**RECORDS TO PROCESS:**
---+---

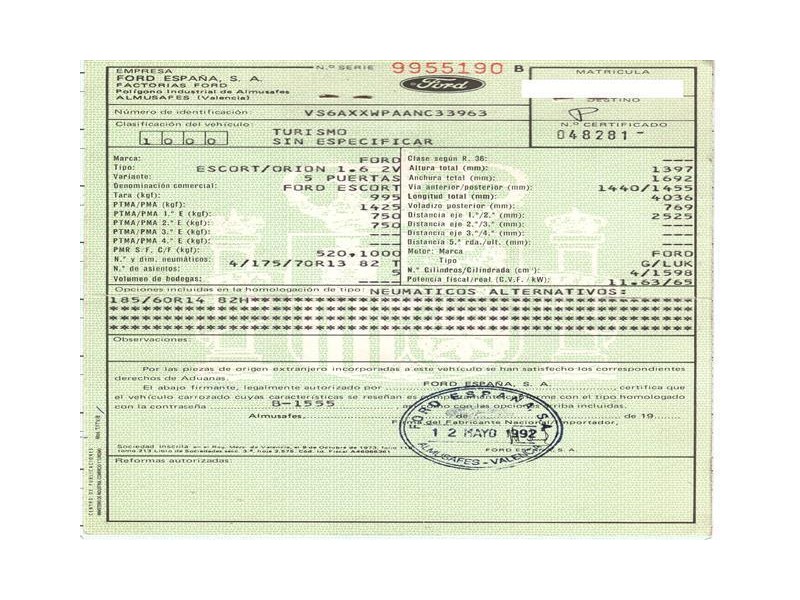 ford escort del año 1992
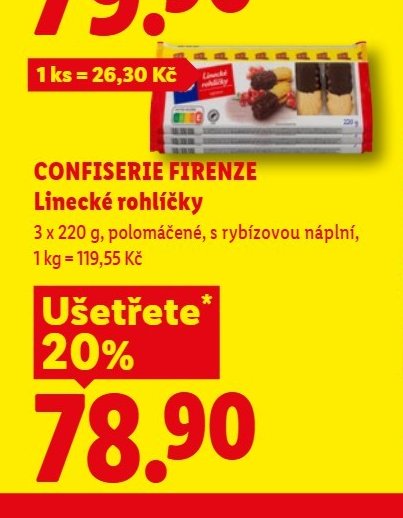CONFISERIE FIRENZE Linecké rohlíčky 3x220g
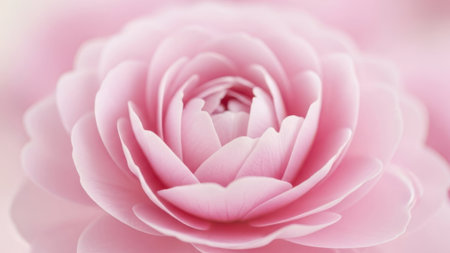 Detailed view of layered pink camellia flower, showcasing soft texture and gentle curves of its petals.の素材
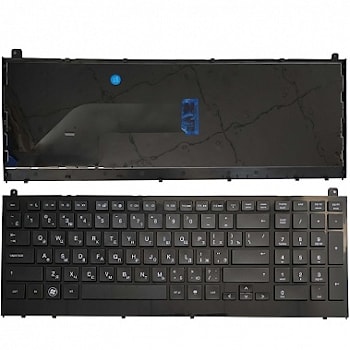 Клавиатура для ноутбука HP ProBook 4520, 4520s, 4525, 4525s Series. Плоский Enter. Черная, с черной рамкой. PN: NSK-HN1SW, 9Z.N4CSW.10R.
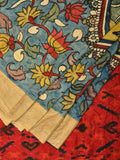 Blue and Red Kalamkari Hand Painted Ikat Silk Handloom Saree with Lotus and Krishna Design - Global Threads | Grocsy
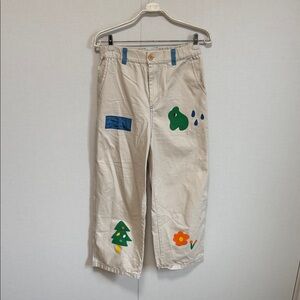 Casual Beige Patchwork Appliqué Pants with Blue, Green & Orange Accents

---+---

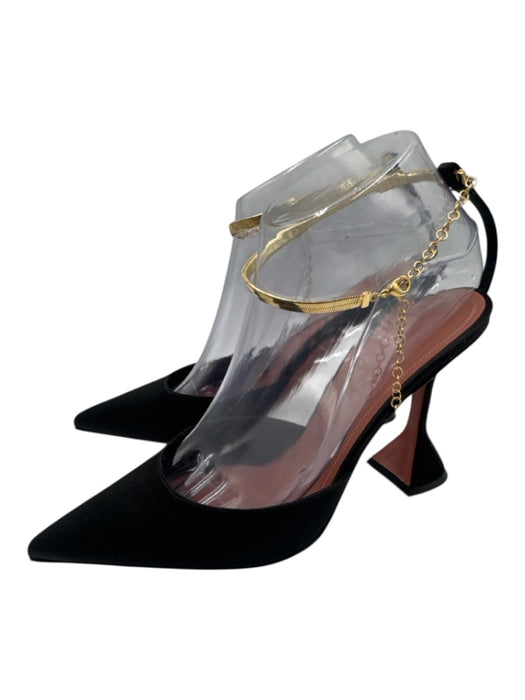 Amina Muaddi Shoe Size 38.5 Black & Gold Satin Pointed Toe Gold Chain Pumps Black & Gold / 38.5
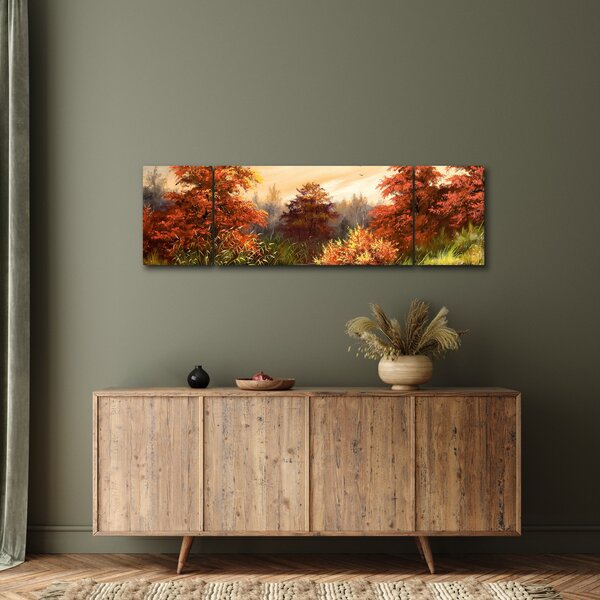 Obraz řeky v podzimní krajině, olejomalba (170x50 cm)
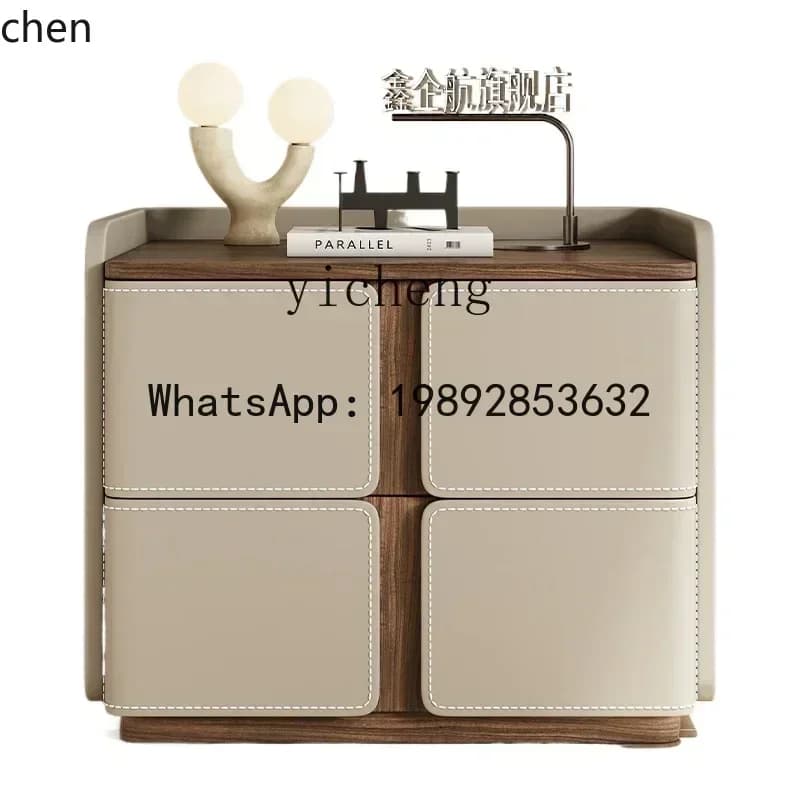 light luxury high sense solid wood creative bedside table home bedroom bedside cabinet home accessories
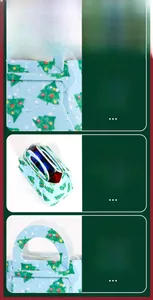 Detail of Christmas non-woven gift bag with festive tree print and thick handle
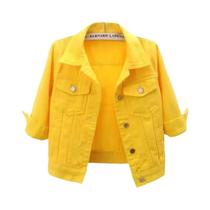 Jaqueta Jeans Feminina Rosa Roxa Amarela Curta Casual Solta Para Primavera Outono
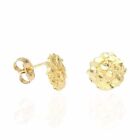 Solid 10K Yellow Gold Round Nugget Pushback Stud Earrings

---+---

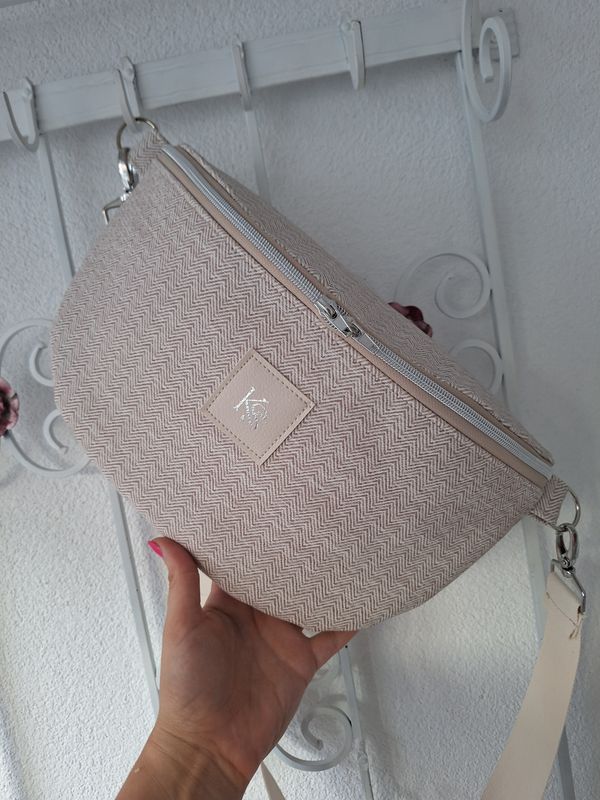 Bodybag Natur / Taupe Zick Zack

---+---

**AIM OF THE TASK:** Above are entries with pictures among them. Write out exactly the lines from the one containing "light luxury high" through the one containing "Solid 10K Yellow", ends included, and leave those pictures out.

**RESPONSE FOR THIS EXERCISE:**
 light luxury high sense solid wood creative bedside table home bedroom bedside cabinet home accessories
 Detail of Christmas non-woven gift bag with festive tree print and thick handle
 Jaqueta Jeans Feminina Rosa Roxa Amarela Curta Casual Solta Para Primavera Outono
 Solid 10K Yellow Gold Round Nugget Pushback Stud Earrings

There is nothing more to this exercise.